L’ordine della giustizia va inteso come un ordine nel quale l’uguaglianza, che costituisce l’essenza della
giustizia è allo stesso tempo un presupposto ed un obiettivo e va di conseguenza continuamente
ripristinata. Ora nella prassi sociale la giustizia si manifesta secondo diverse possibili linee direttrici; quella
commutativa, distributiva e tributaria. Per quanto riguarda la giustizia commutativa, in una logica
privatistica la giustizia riguarda quei meccanismi di scambio sociale tra soggetti privati che si riconoscono
assolutamente simmetrici ed esige che i beni siano equivalenti. L’equivalenza ottimale è quella oggettiva
che in sistemi complessi tende a formalizzarsi (l’invenzione del denaro come medium per la giustizia nelle
commutazioni, è finalizzata ad annullare o almeno a minimizzare i conflitti che possono nascere quando
non esista tecnica quantitativa per attribuire valore ai beni da commutare).
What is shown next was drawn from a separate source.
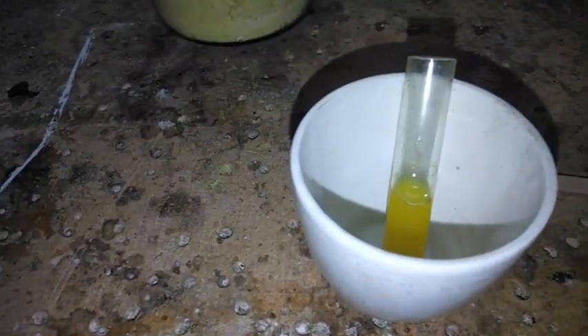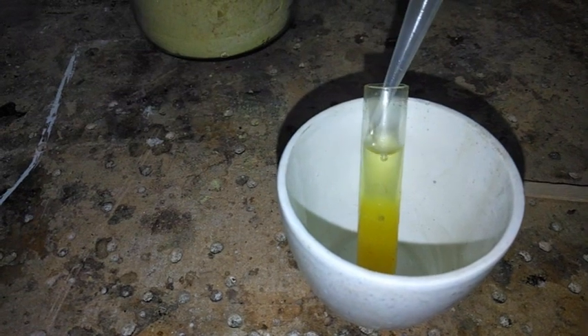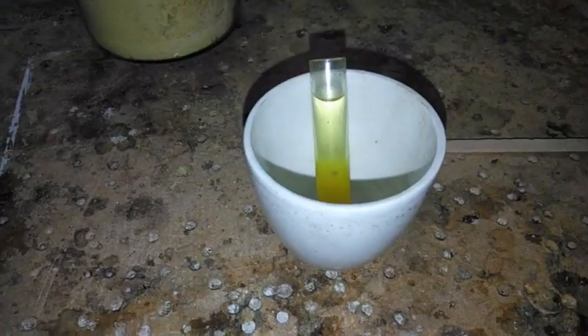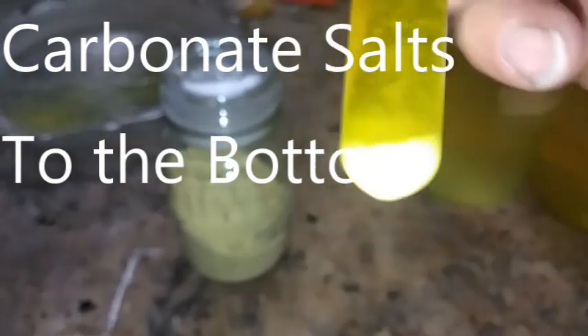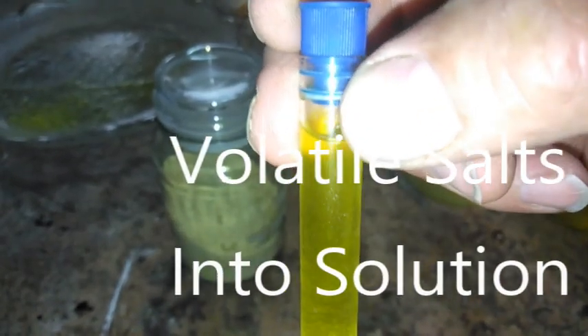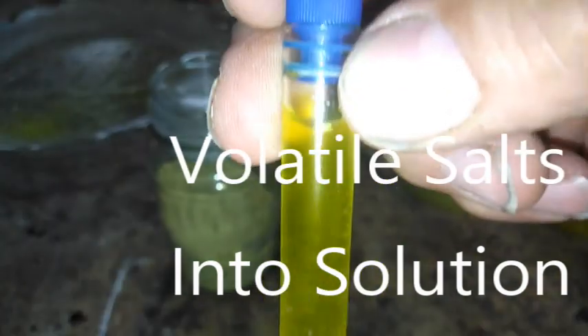I'm just going to add the ammonium hydroxide and that should sit on the top. There we go, that will do it. So all the salts you can see on the bottom are carbonate salts — potassium carbonate, sodium carbonate and other carbonates. And in our yellow solution is all the volatile salts. If we dehydrate that we should get a little bit of volatile salts.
Per quanto riguarda la giustizia
distributiva in una logica pubblicistica quando i soggetti in relazione non siano o non vogliono riconoscersi
simmetrici, il problema della giustizia non è più quello dello scambio ma quello della distribuzione
all’interno della comunità di riferimento. Per quanto riguarda la giustizia tributaria, i beni da distribuire ai
membri della comunità derivano dal prelievo fiscale. Si ritiene che le norme tributarie dovrebbero essere
rispettate per il solo fatto che promanano dall’autorità sovrana che avrebbe nei confronti dei sudditi il
diritto insindacabile a prestazioni obbligatorie in denaro, dovute per un obbligo unilaterale. Altrimenti
se le imposte venissero giustificate in quanto attraverso di esse lo stato fornisce servizi ai cittadini
si correrebbe il rischio di giustificare l’evasione fiscale. Se lo stato ha come primario dovere di
giustizia quello di tutelare e promuovere il bene comune gli spettano tutti quei poteri sovrani che
sono finalizzati a tale scopo. Ha perciò non solo il diritto di esigere le imposte necessarie a coprire
tutte le spese necessarie al suo funzionamento ma anche quelle che possono consentirgli di
ridistribuire efficacemente la ricchezza tra i consociati in modo da massimizzare l’armonia sociale
tra i più abbienti e i meno abbienti. Questo costituisce il dovere morale dei contribuenti di pagare
le imposte all’obbligo di solidarietà civile che è costitutivo di ogni società politica e che sta alla
base di ogni etica pubblica. Esistono diversi criteri per identificare i contenuti materiali della
giustizia distributiva: a ciascuno secondo il rango che opera come criterio di giustizia sociale; è
impossibile giustificare il rango quando ha un fondamento discriminatorio mentre sembra
evidente riconoscere una dignità di rango a soggetti socialmente meritevoli, a soggetti deboli; a
ciascuno secondo il merito, è ragionevole ritenere che il merito vada premiato soprattutto quando
esso sia il risultato di un impegno personale e faticoso; a ciascuno secondo equità, ora nella
seconda metà del 900 ha riscosso particolare successo la teoria della giustizia come equità di
Rawls. Rawls ritiene che per individuare criteri di giustizia secondo ragione sia necessario
interrogare i consociati posti dietro un velo di ignoranza in merito a quale ruolo saranno chiamati a
ricoprire nella società futura e di conseguenza a quali benefici o danni potrebbero derivare loro
dalle loro scelte. Rawls individua due criteri fondamentali: il primo è quello per il quale ogni
persona possa vivere in un sistema che abbia l’obbligo di garantire a ciascuno la libertà
compatibile con un’analoga libertà per ogni altro. Il secondo corrisponde alla nozione del maximin;
è razionale l’accettazione del principio per il quale i beni sociali fondamentali debbano essere
distribuiti in modo uguale tra tutti, tranne nei casi in cui una distribuzione diversificata non
favorisca proporzionalmente i meno avvantaggiati rispetto ai più avvantaggiati. Nessuno di questi
criteri può essere ritenuto a priori prevalente rispetto ad un altro a volte essi possono apparire
conflittuali tra loro ma a prescindere da tutto ciò non si può mai negare la parità che esiste tra gli
esseri umani: la parità non è un criterio di giustizia ma il presupposto della giustizia stessa.